Honestly, I really don’t know how some people did it. I had a little income stream on the side that helped me balance my books but for those students that didn’t, drastic measures had to be taken. I saw situations where students had only one proper meal a day, where two students shared a single-bed and where students chose not be buy ‘luxuries’, such as deodorant.
I even heard stories about how some students had dependents at home and send portions of their bourse money to support them. In all honesty, that wasn’t the way anyone should have had to live. But because many students didn’t have any other option, the tiny bourse was the only way they could survive through their university years.
Well, these very students are probably in shock now that the Ministry of Education has revealed that, effective next year, the monthly stipend will be scrapped. While this will give many people the shivers (a lot of businesses in Butare earned their entire income from students’ bourse) I think that this is a huge opportunity for commercial banks and other financial institutions.

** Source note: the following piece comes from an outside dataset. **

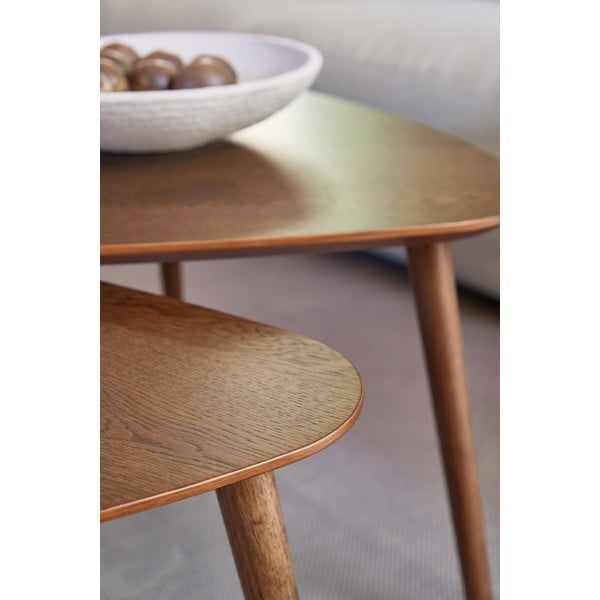 Măsuțe de cafea maro 2 buc. cu aspect de lemn de stejar 70x100 cm Adda – Unique Furniture-image-2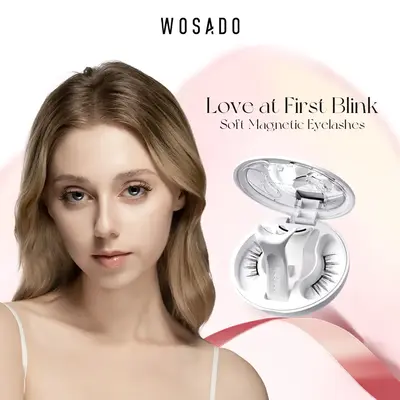 WOSADO Soft Magnetic Eyelashes All-in-One Kit with Applicator, Reusable Magnetic Lashes without Eyeliner, Glue-free False Las...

In many other countries student loans aren’t given by the government but rather by commercial banks. These banks have a department that strictly deals with student loans and financing. These banks look at the applications and then give the loan based on the students ability to pay.
What makes this easier for the banks to issue a loan is the fact that the government backs these loans. What this means is that if the student isn’t able to pay the loan back, for example, he/she passes away, the government pays the banks. Very often these loans have a very small interest and students are able to pay them back over a few years.
I will not pretend to be an expert at the entire student financing business, but I think that it is beneficial to everyone if as many young people get a university education. It’s beneficial to the banks because, very often, the bank that a student uses is the very same he/she will continue to use when they get a job.
Therefore, the bank is able to continue selling its financial services to the client over a long period of time; I’m talking about home mortgages, overdrafts and simple loans. The fact of the matter is, the more loans a bank makes, the more money a bank makes.
Rwanda dreams of being a knowledge-based economy. The simple fact of the matter is that this type of economy will not come to fruition without a critical mass of highly educated people.
So, while the emphasis is rightly on primary and secondary education, high school graduates won’t drive the economy forward by themselves, it will be with the support of the university graduates.
So, it is in the governments own best interests to make sure that the best and brightest have an opportunity to enjoy a university education. That is why it must be willing to a underwrite commercial student loan scheme. Underwriting one isn’t as expensive as just giving each and every university student money.
Speaking as a former student, I’m sure that they will certainly enjoy the opportunity to negotiate the amount of student loans. So, instead of living impossibly on twenty thousand francs, they will be able to get more or less, depending on their need.
This is a win-win situation for all. I can only hope that a scheme like this one will be ready in time for the next academic year.